On Monday, April 6, 2015, the Space Systems and Mission Design class of the School of Aerospace and Mechanical Engineering hosted Mr. Keith Reiley, a Boeing Project Manager. Mr. Reiley spoke with students about current projects and advancements in the space industry, including some current projects at Boeing. Mr. Reiley is a University of Oklahoma graduate from 1982 with a degree in Engineering Physics.
Keith Reiley is currently the Boeing Commercial Crew Transportation System Program Manager. He has been managing the development efforts for Boeing’s Commercial Crew program since it’s inception in 2009. Prior to working at Boeing, Mr. Reiley was Director of the NASA ISS Mission Integration office, responsible for overall configuration and assembly planning, management of assembly missions and integration of international partners.

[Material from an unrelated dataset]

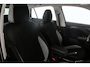 Skoda Scala Selection 1.0 TSI 115pk DSG Automaat Adaptive cruise control, Parkeersensor achter, LED koplampen, App connect, DAB, Radio, Airco, Bluetooth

One of the remarkable legacies and contributions of AME is its significant interaction with industry. For over 100 years, our graduates have been a part of many well-respected companies. Our curricula and research activities have been helpful in building partnerships with industry. The collaboration of the internationally reputable Combustion and Flame Dynamics Lab at AME and John Zink Company is an example. The John Zink Company is an Oklahoma based a worldwide leader in burner manufacturing. In an effort to ensure that the next generation of energy and technology leaders will come from our graduates at the University of Oklahoma, a memorandum of understanding between the OU College of Engineering and John Zink Company was signed in 2007 through which funds are made available to support graduate students in the field of combustion. The memorandum was signed by Dr. S. R. Gollahalli, then Director of AME and head of the Combustion and Flame Dynamics Lab and Dr. Joseph Colannino, then Director of Research and Development of John Zink Company. The company founded in 1929 by John Steele Zink (an OU graduate), currently a division of the Koch group of companies, is a leader in the design and development of flares, process burners and boiler burners.
Since 2008, sixteen graduate students have been supported with the annual funding provided by John Zink Company. These students, designated as “John Zink Company Scholars,” are honored with individual awards from John Zink Company and certificates from AME. The students also take one of the several short courses on combustion that are offered at John Zink Company in Tulsa. In addition, their names are engraved in a plaque in Felgar Hall. John Zink Company is notified when the students are ready to graduate to provide the company with an opportunity to recruit them. The generous gift from John Zink Company has been helpful to the success of our AME graduate students in the field of combustion. Past John Zink Scholars are enjoying successful careers in industry (John Zink Company, Boeing, Schlumberger,) and academia (University of Texas-El Paso).
For the past several years, Dr. Charles E. Baukal Jr. has visited AME with some of his colleagues to present awards to the John Zink Scholars. Dr. Baukal is the director of the John Zink Institute and has been with John Zink Company since 1998. On March 27, 2015, Dr. Baukal presented awards to the John Zink Scholars for 2014-2015, Arun Balakrishnan, Ph.D. in Aerospace Engineering, and Mohammad Imran, M.S. in Mechanical Engineering.
AME Graduate Student Amber Kapoor was recently selected into the 2015 National Science Foundation (NSF) Graduate Research Fellowship Program. Amber will receive a stipend of $34,000 towards her research.
Amber is a Ph.D. Candidate in Mechanical Engineering. Her research interests include alternative energy and sustainability, specifically HVAC efficiency and controls. Following the completion of her Ph.D., Amber hopes to work in the energy industry contributing to sustainability research.